### 2024 – 2025 Academic Year

**Organized by: **Peter Binev (binev@math.sc.edu)

This is an online-only series. All seminars will take place over Zoom.

This page will be updated as new seminars are scheduled. Make sure to check back each week for information on upcoming seminars.

**When:** Thursday, October 10^{th}, 2024 from 2:30 to 3:45 p.m. EDT

**Speaker:** Assad A. Oberai (University of Southern California)

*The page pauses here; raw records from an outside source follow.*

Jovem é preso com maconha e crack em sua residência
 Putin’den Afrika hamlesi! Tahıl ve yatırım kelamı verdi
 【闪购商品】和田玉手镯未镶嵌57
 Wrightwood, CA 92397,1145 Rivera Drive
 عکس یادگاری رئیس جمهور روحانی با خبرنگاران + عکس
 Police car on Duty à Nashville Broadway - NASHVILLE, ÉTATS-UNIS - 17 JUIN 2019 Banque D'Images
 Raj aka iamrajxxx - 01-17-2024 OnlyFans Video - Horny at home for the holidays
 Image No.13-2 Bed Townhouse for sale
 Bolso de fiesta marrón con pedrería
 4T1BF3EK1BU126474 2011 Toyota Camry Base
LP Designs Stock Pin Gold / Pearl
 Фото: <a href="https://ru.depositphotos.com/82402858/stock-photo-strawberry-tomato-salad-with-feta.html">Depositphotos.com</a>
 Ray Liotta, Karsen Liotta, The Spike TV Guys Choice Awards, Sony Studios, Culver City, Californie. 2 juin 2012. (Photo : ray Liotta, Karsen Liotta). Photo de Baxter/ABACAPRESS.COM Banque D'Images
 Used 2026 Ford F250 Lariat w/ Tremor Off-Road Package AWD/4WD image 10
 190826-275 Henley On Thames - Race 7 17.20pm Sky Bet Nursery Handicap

**Abstract:** We present a novel probabilistic approach for generating multi-fidelity data while
accounting for errors inherent in both low- and high-fidelity data. In this approach
a graph Laplacian constructed from the low-fidelity data is used to define a multivariate
Gaussian prior density for the coordinates of the true data points. In addition, a
few high-fidelity data points are used to construct a conjugate likelihood term. Thereafter,
Bayes rule is applied to derive an explicit expression for the posterior density which
is also multivariate Gaussian. The maximum a posteriori (MAP) estimate of this density
is selected to be the optimal multi-fidelity estimate. It is shown that the MAP estimate
and the covariance of the posterior density can be determined through the solution
of a linear system of equations. Thereafter, two methods, one based on spectral truncation,
and another based on a low-rank approximation, are developed to solve these equations
efficiently. The multi-fidelity approach is tested on a variety of problems in solid
and fluid mechanics with data that represents vectors of quantities of interest and
discretized spatial fields in one and two dimensions. The results demonstrate that
by utilizing a small fraction of high-fidelity data, the multi-fidelity approach can
significantly improve the accuracy of a large collection of low-fidelity data points.

This is joint work with Orazio Pinti from USC and Jeremy M. Budd and Franca Hoffmann from Caltech

**When: **Wednesday, September 18^{th}, 2024 from 2:30 to 3:30 p.m. EDT

**Speaker:** Justin Dong (Lawrence Livermore National Laboratory)

**Abstract: **Recently, neural networks have been utilized for tasks that have traditionally been
in the domain of scientific computing, for instance the forward approximation problem
for partial differential equations (PDEs). While neural networks are known to satisfy
a universal approximation property, they are difficult to train and often stagnate
prematurely. In particular, neural networks often fail to deliver an approximation
with controllable error – increasing the number of parameters in the network does
not improve approximation error beyond a certain point.

We present some recent developments towards neural network-based numerical methods that provide error control. In the first part of this talk, we introduce the Galerkin neural network framework which constructs a finite-dimensional subspace whose basis functions are the realizations of a sequence of neural networks. The hallmark of this framework is an a-posteriori error estimator for the energy error that provides the user with full control of the approximation error. In the second part of this talk, we discuss issues of well-posedness as it pertains to loss functions used to train neural networks. Most common loss functions proposed in the literature for physics-informed learning may be viewed as the functionals to corresponding least squares variational problems. Viewed in this light, we demonstrate that many such loss functions lead to ill-posed variational problems and present recent work towards constructing well-posed loss functions for arbitrary boundary value problems.